[[ Provided information, beginning ]]

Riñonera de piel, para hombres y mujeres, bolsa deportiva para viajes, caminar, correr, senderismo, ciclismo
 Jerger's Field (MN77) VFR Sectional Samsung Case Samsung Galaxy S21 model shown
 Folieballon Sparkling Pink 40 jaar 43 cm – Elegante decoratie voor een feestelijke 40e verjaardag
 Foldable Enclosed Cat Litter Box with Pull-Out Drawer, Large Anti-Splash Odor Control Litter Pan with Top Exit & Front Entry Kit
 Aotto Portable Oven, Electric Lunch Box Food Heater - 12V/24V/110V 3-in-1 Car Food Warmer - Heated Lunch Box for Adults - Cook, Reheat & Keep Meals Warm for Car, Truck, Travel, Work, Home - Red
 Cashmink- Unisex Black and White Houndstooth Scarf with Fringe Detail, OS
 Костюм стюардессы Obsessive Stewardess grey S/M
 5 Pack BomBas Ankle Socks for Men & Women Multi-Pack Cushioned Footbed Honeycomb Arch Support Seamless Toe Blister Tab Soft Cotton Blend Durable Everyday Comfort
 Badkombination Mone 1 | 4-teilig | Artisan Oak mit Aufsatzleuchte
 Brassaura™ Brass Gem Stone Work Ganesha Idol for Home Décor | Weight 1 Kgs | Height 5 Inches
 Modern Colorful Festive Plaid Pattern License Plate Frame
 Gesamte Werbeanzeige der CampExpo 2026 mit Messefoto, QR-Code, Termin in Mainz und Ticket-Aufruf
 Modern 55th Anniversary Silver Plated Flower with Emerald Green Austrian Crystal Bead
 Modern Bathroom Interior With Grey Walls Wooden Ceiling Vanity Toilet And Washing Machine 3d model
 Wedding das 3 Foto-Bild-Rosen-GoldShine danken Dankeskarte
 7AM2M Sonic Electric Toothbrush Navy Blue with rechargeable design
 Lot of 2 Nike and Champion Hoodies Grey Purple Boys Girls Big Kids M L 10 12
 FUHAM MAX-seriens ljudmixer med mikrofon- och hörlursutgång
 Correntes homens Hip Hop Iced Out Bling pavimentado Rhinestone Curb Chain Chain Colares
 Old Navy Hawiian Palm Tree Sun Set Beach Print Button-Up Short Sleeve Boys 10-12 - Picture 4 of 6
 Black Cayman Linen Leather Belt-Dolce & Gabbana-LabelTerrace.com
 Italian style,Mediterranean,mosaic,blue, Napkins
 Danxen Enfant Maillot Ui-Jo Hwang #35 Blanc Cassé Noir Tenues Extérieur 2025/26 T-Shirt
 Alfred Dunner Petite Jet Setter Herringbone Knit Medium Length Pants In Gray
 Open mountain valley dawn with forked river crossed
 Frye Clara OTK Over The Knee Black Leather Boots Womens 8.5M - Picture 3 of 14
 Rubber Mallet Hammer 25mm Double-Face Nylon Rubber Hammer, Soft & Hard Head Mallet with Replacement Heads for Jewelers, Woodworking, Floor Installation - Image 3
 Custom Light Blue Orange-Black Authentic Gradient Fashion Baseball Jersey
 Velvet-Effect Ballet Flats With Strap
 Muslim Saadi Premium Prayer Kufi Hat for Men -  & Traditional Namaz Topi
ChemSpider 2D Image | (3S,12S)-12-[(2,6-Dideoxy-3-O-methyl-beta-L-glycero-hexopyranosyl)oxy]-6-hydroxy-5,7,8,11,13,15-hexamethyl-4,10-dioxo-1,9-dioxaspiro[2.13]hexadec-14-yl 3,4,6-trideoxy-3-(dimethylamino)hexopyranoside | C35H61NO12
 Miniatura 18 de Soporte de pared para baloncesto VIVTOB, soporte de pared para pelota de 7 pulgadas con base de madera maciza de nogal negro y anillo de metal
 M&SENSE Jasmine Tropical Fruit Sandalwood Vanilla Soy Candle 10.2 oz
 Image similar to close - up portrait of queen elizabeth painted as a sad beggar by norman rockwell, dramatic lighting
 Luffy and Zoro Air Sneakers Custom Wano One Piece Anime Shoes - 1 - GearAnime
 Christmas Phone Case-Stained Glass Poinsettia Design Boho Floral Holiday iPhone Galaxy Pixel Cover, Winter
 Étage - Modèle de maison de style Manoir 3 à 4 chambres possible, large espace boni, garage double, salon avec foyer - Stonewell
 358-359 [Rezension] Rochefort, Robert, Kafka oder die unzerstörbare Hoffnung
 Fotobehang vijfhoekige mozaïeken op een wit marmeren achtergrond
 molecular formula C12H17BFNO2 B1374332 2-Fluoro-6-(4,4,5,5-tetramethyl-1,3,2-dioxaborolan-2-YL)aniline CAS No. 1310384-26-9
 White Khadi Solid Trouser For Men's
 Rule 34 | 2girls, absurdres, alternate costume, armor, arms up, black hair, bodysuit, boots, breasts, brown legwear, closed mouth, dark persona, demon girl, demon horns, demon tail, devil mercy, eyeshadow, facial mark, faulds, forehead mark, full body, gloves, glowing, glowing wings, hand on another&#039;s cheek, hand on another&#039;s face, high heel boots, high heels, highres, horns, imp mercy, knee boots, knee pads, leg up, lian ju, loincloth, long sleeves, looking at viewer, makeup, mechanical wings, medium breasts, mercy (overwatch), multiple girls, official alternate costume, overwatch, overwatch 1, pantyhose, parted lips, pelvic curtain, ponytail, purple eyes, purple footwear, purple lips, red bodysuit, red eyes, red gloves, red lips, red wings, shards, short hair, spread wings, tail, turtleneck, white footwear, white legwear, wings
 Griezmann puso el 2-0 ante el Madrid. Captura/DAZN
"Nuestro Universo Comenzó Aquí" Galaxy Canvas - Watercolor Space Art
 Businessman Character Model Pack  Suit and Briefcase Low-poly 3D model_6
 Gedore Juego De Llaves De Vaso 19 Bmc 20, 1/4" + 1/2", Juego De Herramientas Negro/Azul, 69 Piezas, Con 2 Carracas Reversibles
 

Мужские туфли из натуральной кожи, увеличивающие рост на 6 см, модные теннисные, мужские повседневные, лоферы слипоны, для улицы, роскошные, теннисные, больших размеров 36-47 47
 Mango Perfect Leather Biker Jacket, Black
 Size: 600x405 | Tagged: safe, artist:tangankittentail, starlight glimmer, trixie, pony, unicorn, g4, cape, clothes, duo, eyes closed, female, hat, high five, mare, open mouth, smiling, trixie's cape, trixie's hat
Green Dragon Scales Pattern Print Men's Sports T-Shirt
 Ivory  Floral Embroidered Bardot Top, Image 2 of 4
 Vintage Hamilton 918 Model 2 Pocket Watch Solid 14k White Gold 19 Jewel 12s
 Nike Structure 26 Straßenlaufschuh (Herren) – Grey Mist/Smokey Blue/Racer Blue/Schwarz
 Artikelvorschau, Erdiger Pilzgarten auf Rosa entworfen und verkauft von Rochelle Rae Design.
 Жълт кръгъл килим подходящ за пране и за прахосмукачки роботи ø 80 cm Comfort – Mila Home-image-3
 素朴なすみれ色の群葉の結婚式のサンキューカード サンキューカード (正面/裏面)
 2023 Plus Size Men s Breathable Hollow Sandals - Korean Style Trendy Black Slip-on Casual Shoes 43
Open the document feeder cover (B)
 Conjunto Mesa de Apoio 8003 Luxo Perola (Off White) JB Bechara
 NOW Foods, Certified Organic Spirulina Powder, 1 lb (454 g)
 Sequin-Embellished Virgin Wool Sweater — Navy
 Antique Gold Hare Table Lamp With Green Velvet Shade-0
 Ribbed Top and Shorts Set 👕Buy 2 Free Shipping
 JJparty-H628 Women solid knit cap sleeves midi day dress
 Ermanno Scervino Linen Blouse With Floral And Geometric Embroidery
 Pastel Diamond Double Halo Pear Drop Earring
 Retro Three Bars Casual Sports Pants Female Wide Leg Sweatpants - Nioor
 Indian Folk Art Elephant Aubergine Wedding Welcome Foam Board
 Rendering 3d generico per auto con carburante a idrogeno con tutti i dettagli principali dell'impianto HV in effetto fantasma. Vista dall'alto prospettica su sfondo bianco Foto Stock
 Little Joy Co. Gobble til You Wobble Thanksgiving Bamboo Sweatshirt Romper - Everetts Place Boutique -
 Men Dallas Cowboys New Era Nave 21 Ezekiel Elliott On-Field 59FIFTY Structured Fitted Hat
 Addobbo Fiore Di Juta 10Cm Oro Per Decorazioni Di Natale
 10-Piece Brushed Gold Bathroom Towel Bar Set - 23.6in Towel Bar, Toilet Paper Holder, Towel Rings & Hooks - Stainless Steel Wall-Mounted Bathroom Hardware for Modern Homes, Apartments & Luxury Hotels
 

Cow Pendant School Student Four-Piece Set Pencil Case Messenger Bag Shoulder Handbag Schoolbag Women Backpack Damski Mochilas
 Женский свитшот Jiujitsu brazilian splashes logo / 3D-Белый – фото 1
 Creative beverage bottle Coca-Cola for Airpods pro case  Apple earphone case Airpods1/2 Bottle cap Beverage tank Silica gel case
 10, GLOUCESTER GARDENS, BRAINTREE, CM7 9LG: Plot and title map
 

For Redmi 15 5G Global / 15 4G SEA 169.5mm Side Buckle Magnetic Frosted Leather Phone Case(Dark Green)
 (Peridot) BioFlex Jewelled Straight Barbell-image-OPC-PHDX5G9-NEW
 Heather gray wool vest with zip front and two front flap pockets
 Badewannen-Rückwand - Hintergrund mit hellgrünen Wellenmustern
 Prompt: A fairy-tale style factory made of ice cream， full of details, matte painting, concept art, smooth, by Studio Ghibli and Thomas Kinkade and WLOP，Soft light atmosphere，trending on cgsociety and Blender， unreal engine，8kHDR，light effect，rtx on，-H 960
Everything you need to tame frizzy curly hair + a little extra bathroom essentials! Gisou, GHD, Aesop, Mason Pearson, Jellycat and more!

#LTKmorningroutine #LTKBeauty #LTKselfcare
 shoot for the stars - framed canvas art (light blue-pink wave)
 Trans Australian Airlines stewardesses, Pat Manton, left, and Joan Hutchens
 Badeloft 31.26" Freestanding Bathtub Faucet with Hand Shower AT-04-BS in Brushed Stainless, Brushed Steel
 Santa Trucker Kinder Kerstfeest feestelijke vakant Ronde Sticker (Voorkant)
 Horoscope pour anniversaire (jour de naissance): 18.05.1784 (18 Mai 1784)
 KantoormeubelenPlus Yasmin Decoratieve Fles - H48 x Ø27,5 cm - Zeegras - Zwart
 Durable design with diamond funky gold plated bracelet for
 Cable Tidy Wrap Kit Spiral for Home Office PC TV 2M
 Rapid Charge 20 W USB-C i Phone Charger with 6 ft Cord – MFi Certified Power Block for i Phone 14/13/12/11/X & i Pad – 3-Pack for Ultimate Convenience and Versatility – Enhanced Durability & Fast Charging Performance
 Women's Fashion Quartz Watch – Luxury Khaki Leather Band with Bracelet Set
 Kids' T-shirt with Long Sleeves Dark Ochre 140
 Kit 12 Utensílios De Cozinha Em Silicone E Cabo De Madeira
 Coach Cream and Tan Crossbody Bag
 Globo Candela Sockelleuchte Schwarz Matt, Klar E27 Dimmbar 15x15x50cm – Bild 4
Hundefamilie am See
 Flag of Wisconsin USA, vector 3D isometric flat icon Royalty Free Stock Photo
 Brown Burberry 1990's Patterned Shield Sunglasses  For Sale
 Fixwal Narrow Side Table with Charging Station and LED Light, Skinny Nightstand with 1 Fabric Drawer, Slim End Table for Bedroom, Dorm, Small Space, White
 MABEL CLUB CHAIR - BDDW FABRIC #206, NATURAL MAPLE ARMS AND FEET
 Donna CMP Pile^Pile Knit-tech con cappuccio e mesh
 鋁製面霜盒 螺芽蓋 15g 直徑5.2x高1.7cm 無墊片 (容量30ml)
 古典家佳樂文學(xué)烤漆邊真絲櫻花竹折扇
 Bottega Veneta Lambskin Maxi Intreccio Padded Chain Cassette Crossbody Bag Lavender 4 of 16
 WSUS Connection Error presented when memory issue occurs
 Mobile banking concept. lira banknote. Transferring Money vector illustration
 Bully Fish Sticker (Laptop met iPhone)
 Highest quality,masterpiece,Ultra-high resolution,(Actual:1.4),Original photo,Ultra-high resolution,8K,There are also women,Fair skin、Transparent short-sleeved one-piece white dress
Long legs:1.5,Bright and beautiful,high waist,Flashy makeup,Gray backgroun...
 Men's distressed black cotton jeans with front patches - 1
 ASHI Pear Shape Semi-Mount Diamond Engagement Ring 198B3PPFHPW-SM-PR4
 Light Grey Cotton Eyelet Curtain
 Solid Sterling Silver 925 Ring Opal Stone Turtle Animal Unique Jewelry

[[ Provided information, end ]]

**Work task:**
Repeat the data above starting at the line with "Hundefamilie am See" and ending at its last line, exactly, with no other lines.

**Task result:**
Hundefamilie am See
 Flag of Wisconsin USA, vector 3D isometric flat icon Royalty Free Stock Photo
 Brown Burberry 1990's Patterned Shield Sunglasses  For Sale
 Fixwal Narrow Side Table with Charging Station and LED Light, Skinny Nightstand with 1 Fabric Drawer, Slim End Table for Bedroom, Dorm, Small Space, White
 MABEL CLUB CHAIR - BDDW FABRIC #206, NATURAL MAPLE ARMS AND FEET
 Donna CMP Pile^Pile Knit-tech con cappuccio e mesh
 鋁製面霜盒 螺芽蓋 15g 直徑5.2x高1.7cm 無墊片 (容量30ml)
 古典家佳樂文學(xué)烤漆邊真絲櫻花竹折扇
 Bottega Veneta Lambskin Maxi Intreccio Padded Chain Cassette Crossbody Bag Lavender 4 of 16
 WSUS Connection Error presented when memory issue occurs
 Mobile banking concept. lira banknote. Transferring Money vector illustration
 Bully Fish Sticker (Laptop met iPhone)
 Highest quality,masterpiece,Ultra-high resolution,(Actual:1.4),Original photo,Ultra-high resolution,8K,There are also women,Fair skin、Transparent short-sleeved one-piece white dress
Long legs:1.5,Bright and beautiful,high waist,Flashy makeup,Gray backgroun...
 Men's distressed black cotton jeans with front patches - 1
 ASHI Pear Shape Semi-Mount Diamond Engagement Ring 198B3PPFHPW-SM-PR4
 Light Grey Cotton Eyelet Curtain
 Solid Sterling Silver 925 Ring Opal Stone Turtle Animal Unique Jewelry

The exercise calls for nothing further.